Jombang – Sebuah kampung kecil di Desa Segodorejo, Kecamatan Sumobito, Kabupaten Jombang punya tradisi unik sejak puluhan bahkan ratusan tahun lalu. Yakni, warganya sebagai perajin rumahan sejumlah alat dapur. Setiap minggunya ribuan kaluh berbahan anyaman bambu bisa dihasilkan penduduk kampung ini.
Bagi ibu-ibu, kaluh biasa digunakan untuk wadah sayuran, sekaligus untuk tempat mencuci. Juga bisa digunakan untuk menaruh bahan-bahan dapur lainnya.
Masuk kampung ini, akan disuguhi pemandangan unik. Banyak rumah di dusun ini memajang lembaran-lembaran kecil dan potongan bambu di depan rumahnya. Beberapa yang lain, juga memajang hasil kerajinan di depan rumah.

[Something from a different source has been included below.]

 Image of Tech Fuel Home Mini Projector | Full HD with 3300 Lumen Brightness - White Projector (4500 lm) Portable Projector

Tumpukan kaluh yang sudah selesai dibuat dan siap untuk dijual. (ACHMAD RW/ JAWA POS RADAR JOMBANG)
Ya, di Dusun Tulungrejo, ada ratusan warga yang tiap harinya berjibaku dengan bambu. Mereka membuat alat-alat rumah tangga tradisional seperti kaluh, tedok,besek, hingga erek. Alat-alat perlengkapan rumah tradisional ini berbentuk bulat nyaris seperti tampah.
Bedanya, kaluh, tedok dan erek punya bentuk dasar yang melengkung, ketiganya juga dibedakan dengan kerenggangan anyaman bambu penyusunnya. ’’Kalau kaluh kan lebih rapat, kalau erek itu lebih renggang,” lanjutnya.

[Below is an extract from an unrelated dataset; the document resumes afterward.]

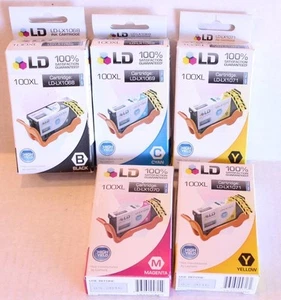 Tintenpatronen LD-LX1068, 1069, 1070 und 1071(2) 2015/2016 5 Stück LD Produkte  - Bild 1 von 4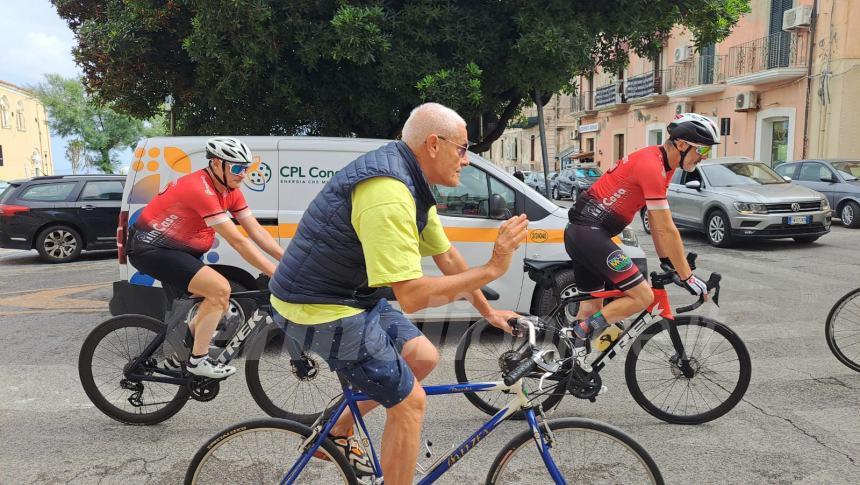 Il giro del Molise in bicicletta, l'impresa in solitaria di Luigi Cantoro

Pembuatan benda ini, disebutnya juga cukup mudah, meski membutuhkan ketelitian dan keterampilan. Alat yang diperlukan pun sederhana, hanya gergaji dan parang untuk memotong bambu, dan jarum besar untuk menganyam tali untuk merapatkan pinggiran anyaman.
Dimulai dari mendapatkan bambu besar sebagai bahan utama. Bambu ini, biasanya diperolehnya dengan cara membeli. Bambu utuh, kemudian dipotong dan ditipiskan menyesuaikan ukuran yang diperlukan. Setelah siap, bambu lantas dijemur. ’’Penjemuran biasanya dua sampai tiga hari, tujuannya untuk mengeringkan bambu, juga biar tidak mudah berjamur,” lontarnya.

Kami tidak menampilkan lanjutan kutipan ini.